## WHAT TO WORK ON
From the line that holds "Sister Sparrow and the Dirty Birds" to the end of the records, reproduce every line exactly. No pictures.

:: MATERIAL TO PROCESS ::

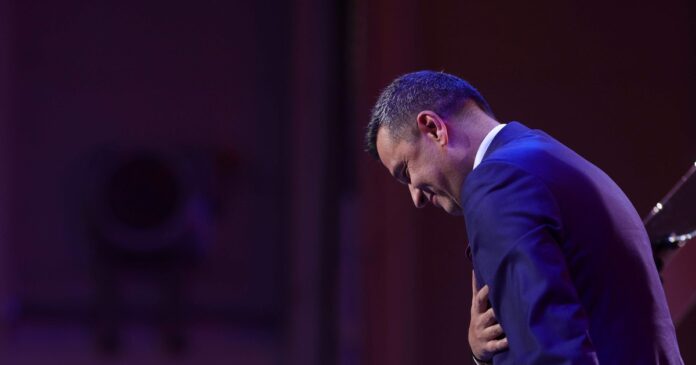 Ziua decisivă pentru viitorul guvernării: PSD vrea demiterea premierului Ilie Bolojan, nu formarea unui nou guvern, conform surselor și declarațiilor șefului statului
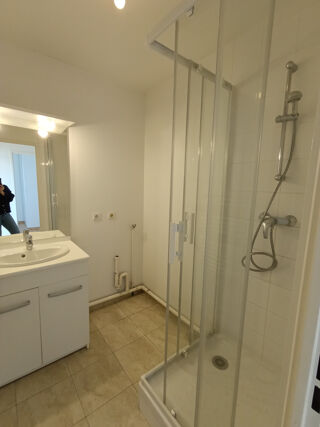  Appartement à louer 3 pièces 59 m²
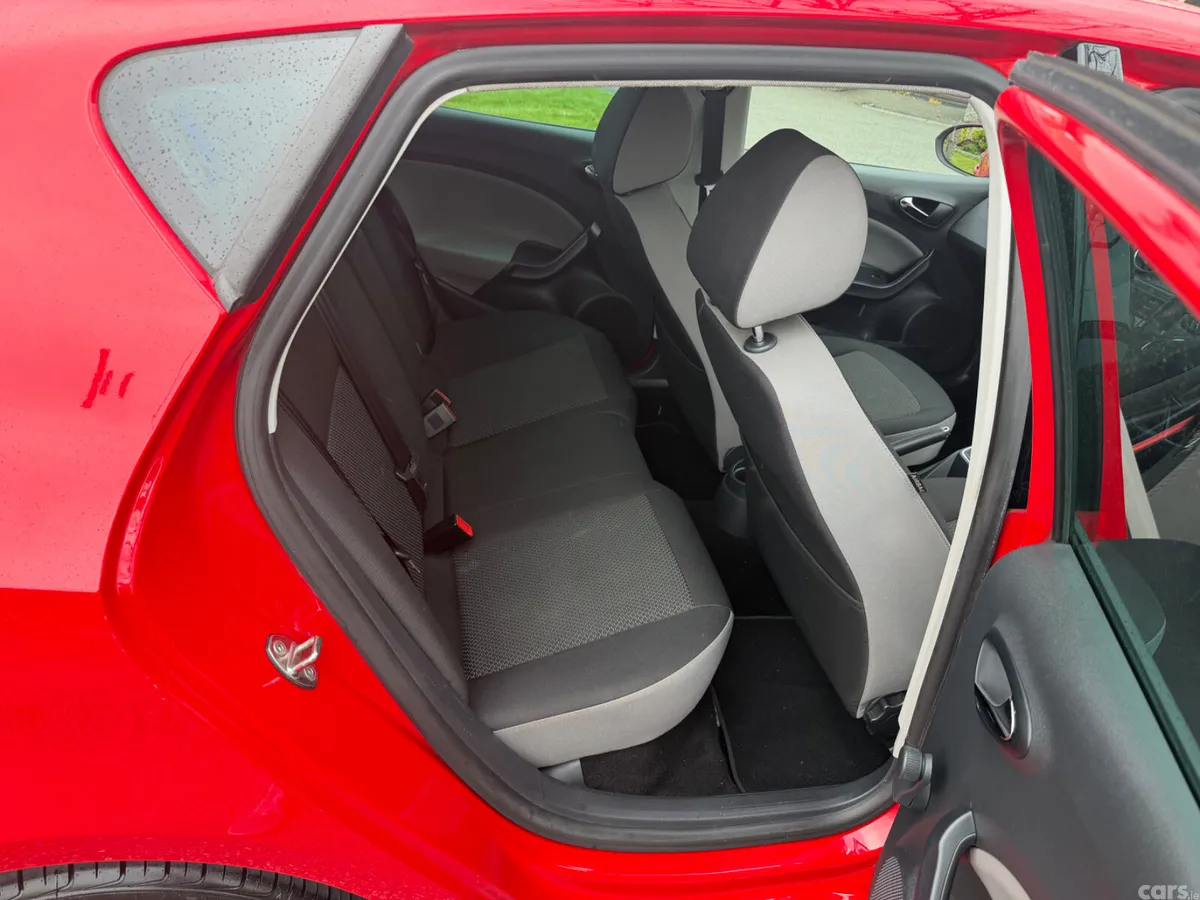 SEAT Ibiza MPV, Petrol, 2016, Red
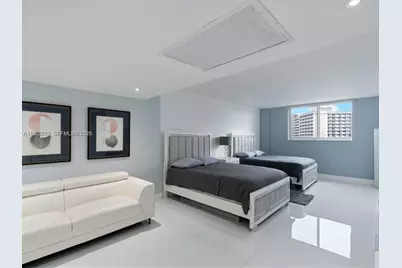 19370 E Collins Ave #627, Sunny Isles Beach, FL 33160 - Photo 8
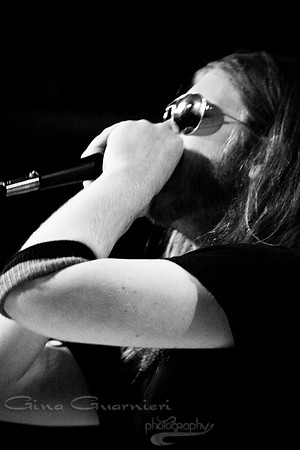 Sister Sparrow and the Dirty Birds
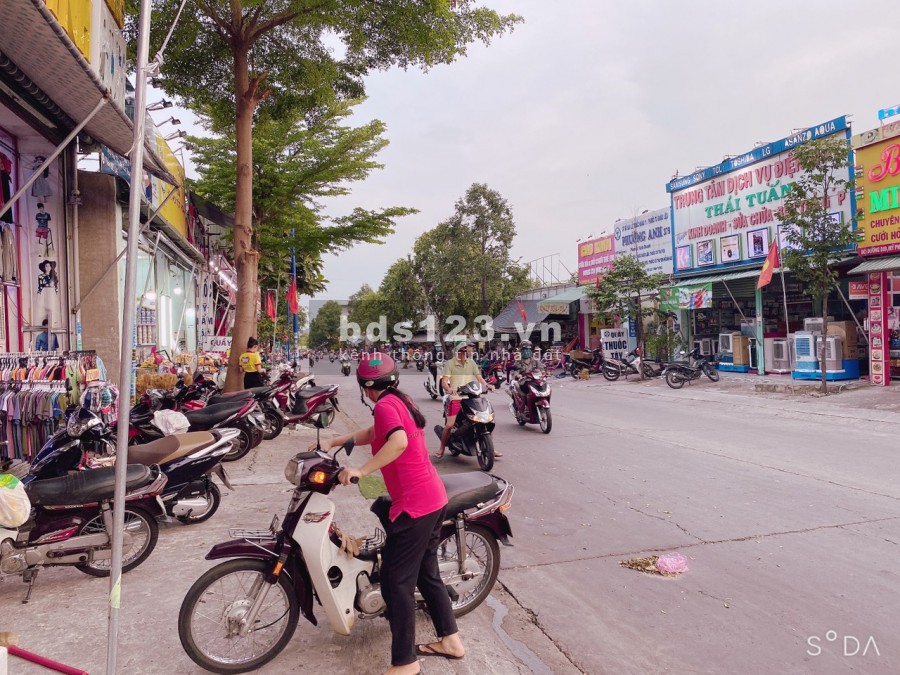 Tôi Có Nền Đất Sát Chợ Cần Bán, 300m2 (10x30) Dân Cư Đông Đúc, Liền Kề KCN, Dân Cư 90%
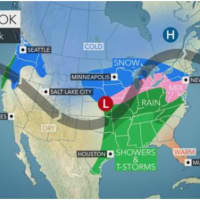 <p>A look at the early week weather pattern.</p>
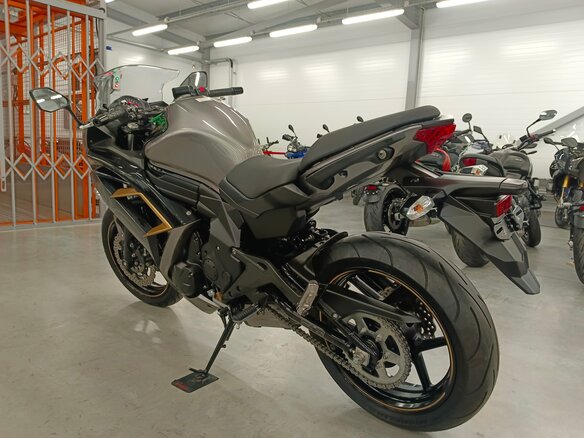 2016 Kawasaki Ninja 400, серый, 500000 рублей - вид 5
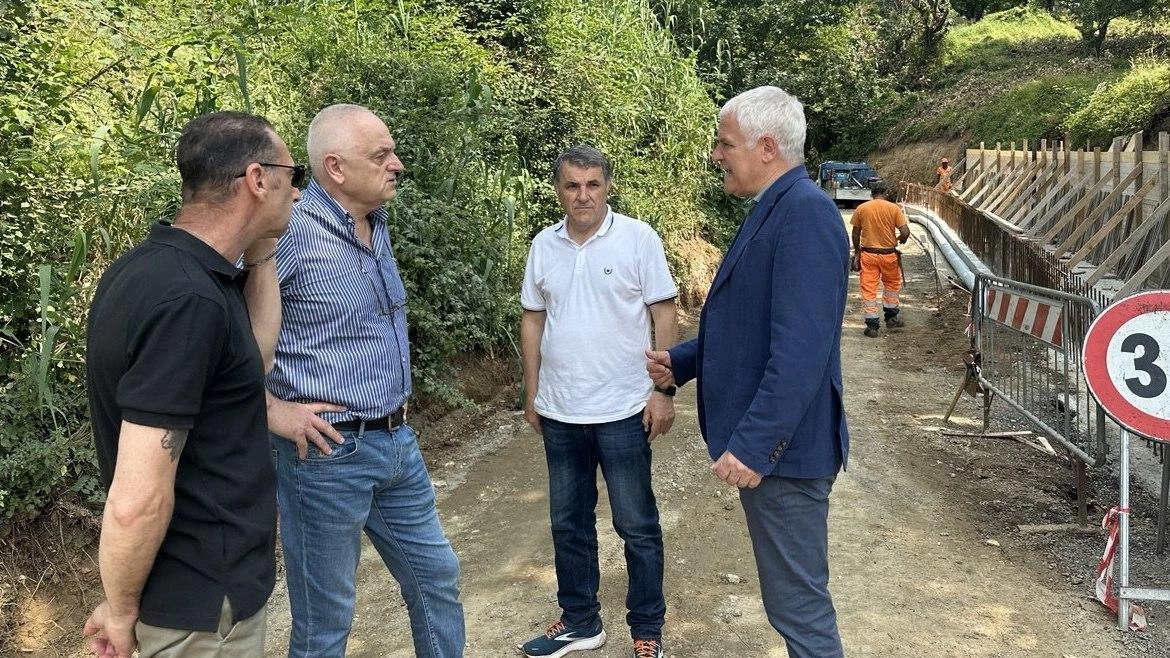 Il sopralluogo di ieri mattina del sindaco Pierucci sul cantiere di lavoro Il sopralluogo di ieri mattina del sindaco Pierucci sul cantiere di lavoro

:::

## RESULT
 Sister Sparrow and the Dirty Birds
 Tôi Có Nền Đất Sát Chợ Cần Bán, 300m2 (10x30) Dân Cư Đông Đúc, Liền Kề KCN, Dân Cư 90%
 <p>A look at the early week weather pattern.</p>
 2016 Kawasaki Ninja 400, серый, 500000 рублей - вид 5
 Il sopralluogo di ieri mattina del sindaco Pierucci sul cantiere di lavoro Il sopralluogo di ieri mattina del sindaco Pierucci sul cantiere di lavoro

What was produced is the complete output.